Discussion Topics
Parse a William Gaddis monologue or dialogue, tracing the strands of thoughts that develop. What does this exercise tell about communication and how people relate to one another?
Gaddis was a scathing critic of capitalism but also believed that it is the best system humankind has created. Explore how this tension is expressed in his work, showing both capitalism’s excesses and its advantages.
Consider the role of inaction in a Gaddis novel. What characters resist actingz? What are the results? Is action always the best option? Why or why not?
Explore anger and frustration as the defining mood of Gaddis’s work.
Gaddis often uses puns and wordplay in his books. Explore specific examples of this and how they serve the story thematically.
Discuss techniques of transition in Gaddis’s work, such as the telephone in J.R. or passages marking time in Carpenter’s Gothic. How do they influence the reading of his work? How are they unique stylistic choices?
Other literary forms
William Gaddis’s literary reputation is based on his novels; he also contributed a number of essays, poems, and short stories to major magazines. Gaddis’s papers are housed in the Washington University Library’s Modern Language Collection. The archive includes the author’s personal library as well as his collected notes, source materials, correspondence, and manuscript drafts and unpublished works.
Achievements
William Gaddis’s fiction is convoluted, confusing, and difficult, qualities that have led some readers to criticize it. His work is also sophisticated, multilayered, and technically innovative, qualities that have led most thoughtful readers to see Gaddis one of the most important writers of the post-World War II era, though he is not fully appreciated or understood.
Gaddis’s accomplishments began to receive greater attention in the late 1960’s and early 1970’s, during which time he was at work on his second monumental novel, JR. Between 1955 and 1970, only a single article on Gaddis appeared in the United States, but in the 1970’s momentum started to build. The first doctoral dissertation on Gaddis was published in 1971, providing valuable information on The Recognitions and basic facts about Gaddis’s life. The year 1982 saw the publication of new essays on Gaddis in a special issue of the Review of Contemporary Fiction, as well as a full-length guide to The Recognitions, written by Steven Moore; in that same year, Gaddis was awarded a prestigious MacArthur Fellowship.
Gaddis’s success was confirmed when he received the 1976 National Book Award in fiction for JR. Indeed, Gaddis responded by publishing his third novel only a decade later, down from the twenty years between his first two efforts.

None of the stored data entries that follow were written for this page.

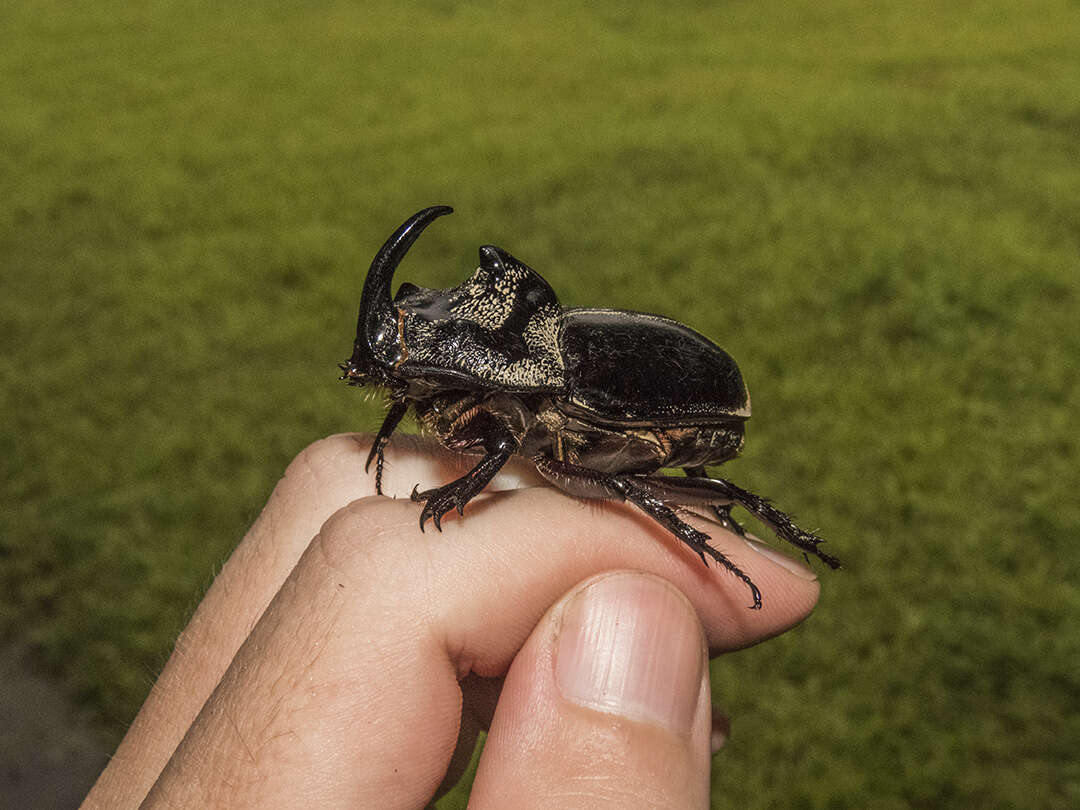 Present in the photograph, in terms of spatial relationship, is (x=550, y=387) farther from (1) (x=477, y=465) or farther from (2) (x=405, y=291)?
(2) (x=405, y=291)

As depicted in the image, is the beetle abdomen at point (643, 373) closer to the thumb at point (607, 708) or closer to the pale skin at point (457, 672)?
the pale skin at point (457, 672)

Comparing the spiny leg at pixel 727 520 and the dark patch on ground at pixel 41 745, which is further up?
the spiny leg at pixel 727 520

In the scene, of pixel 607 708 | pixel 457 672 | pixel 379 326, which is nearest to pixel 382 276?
pixel 379 326

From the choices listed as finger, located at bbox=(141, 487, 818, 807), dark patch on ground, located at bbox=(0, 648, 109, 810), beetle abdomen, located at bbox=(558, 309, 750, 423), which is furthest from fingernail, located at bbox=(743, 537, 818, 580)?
dark patch on ground, located at bbox=(0, 648, 109, 810)

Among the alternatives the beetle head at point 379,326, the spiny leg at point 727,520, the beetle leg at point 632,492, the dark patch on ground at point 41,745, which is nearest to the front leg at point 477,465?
the beetle leg at point 632,492

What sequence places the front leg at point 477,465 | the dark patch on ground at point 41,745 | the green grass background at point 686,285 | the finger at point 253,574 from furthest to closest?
the green grass background at point 686,285, the dark patch on ground at point 41,745, the finger at point 253,574, the front leg at point 477,465

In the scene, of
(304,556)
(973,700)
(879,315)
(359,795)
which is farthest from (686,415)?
(879,315) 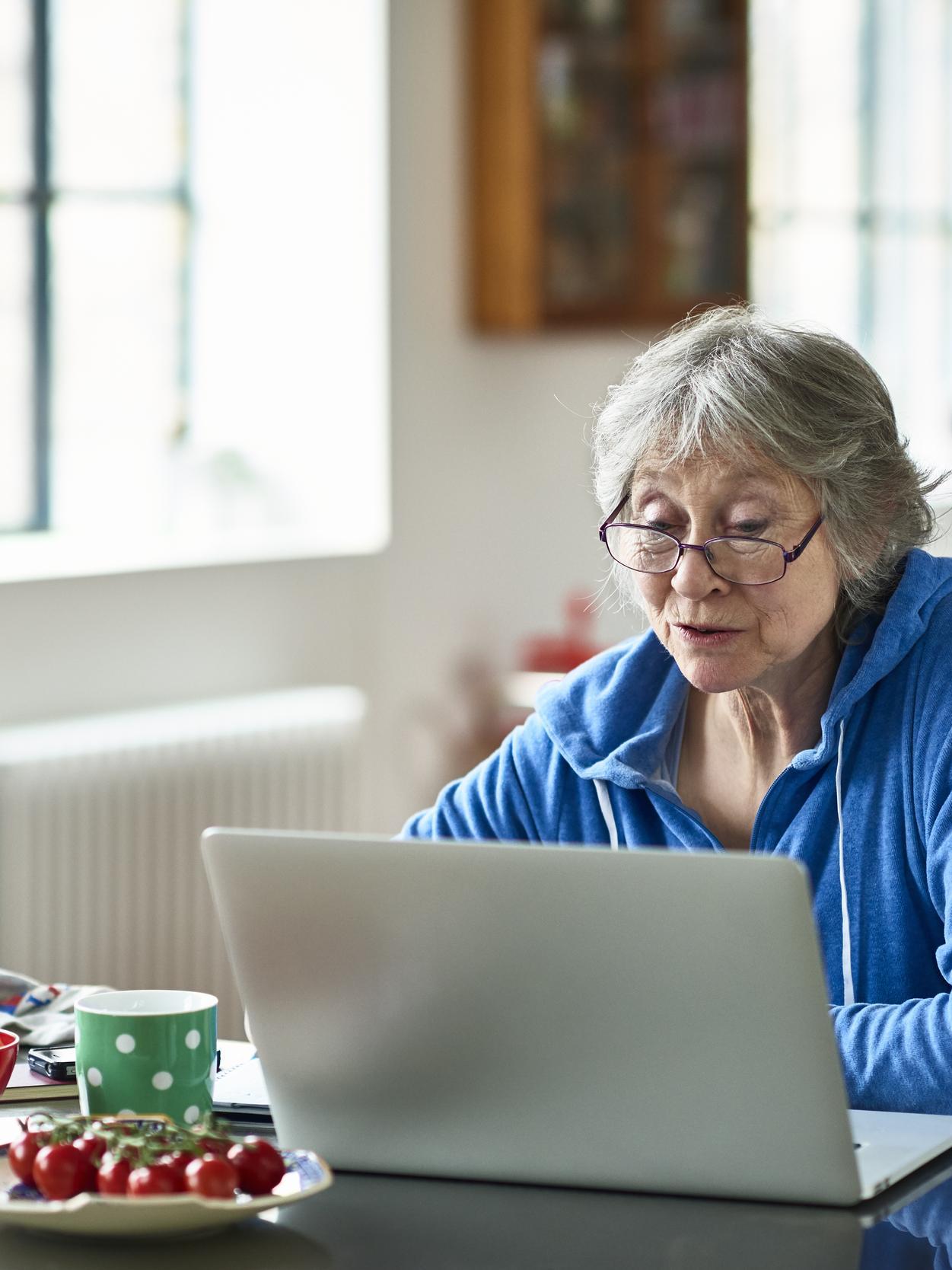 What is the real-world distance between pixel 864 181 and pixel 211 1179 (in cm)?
490

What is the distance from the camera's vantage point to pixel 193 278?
3812mm

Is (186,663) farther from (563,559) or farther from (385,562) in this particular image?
(563,559)

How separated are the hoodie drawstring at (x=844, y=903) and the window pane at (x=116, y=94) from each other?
7.66 feet

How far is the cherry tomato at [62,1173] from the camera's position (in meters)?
1.14

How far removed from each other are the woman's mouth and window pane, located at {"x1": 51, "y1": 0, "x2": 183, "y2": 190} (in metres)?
2.23

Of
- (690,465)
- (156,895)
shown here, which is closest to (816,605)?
(690,465)

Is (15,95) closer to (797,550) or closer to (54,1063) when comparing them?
(797,550)

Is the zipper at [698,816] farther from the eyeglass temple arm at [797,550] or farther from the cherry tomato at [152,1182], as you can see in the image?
the cherry tomato at [152,1182]

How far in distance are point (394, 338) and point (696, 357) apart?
224 centimetres

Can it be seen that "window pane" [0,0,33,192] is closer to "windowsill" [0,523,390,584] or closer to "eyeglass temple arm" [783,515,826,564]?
"windowsill" [0,523,390,584]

Carpenter’s Gothic was widely hailed for its bitter yet readable satire of ethical vanity in American business, politics, and popular religion. The novel broadened the readership for a novelist accustomed to a comparatively small audience, and it confirmed him as one of the most gifted and serious writers of contemporary American fiction.
Gaddis’s fourth novel, A Frolic of His Own, was published in 1994 to a mixed response similar to that given his earlier works. It won for him his second National Book Award and was praised for its savage wit. However, some reviewers raised the old complaints that it was difficult, long-winded, and all too faithful in its representation of the tedium of everyday conversation and legal minutiae.
In addition to the National Book Awards and the MacArthur Fellowship, Gaddis received a National Institute of Arts and Letters Award (1963), two grants from the National Endowment for the Arts (1963 and 1974), and a Lannan Foundation Lifetime Achievement Award (1993).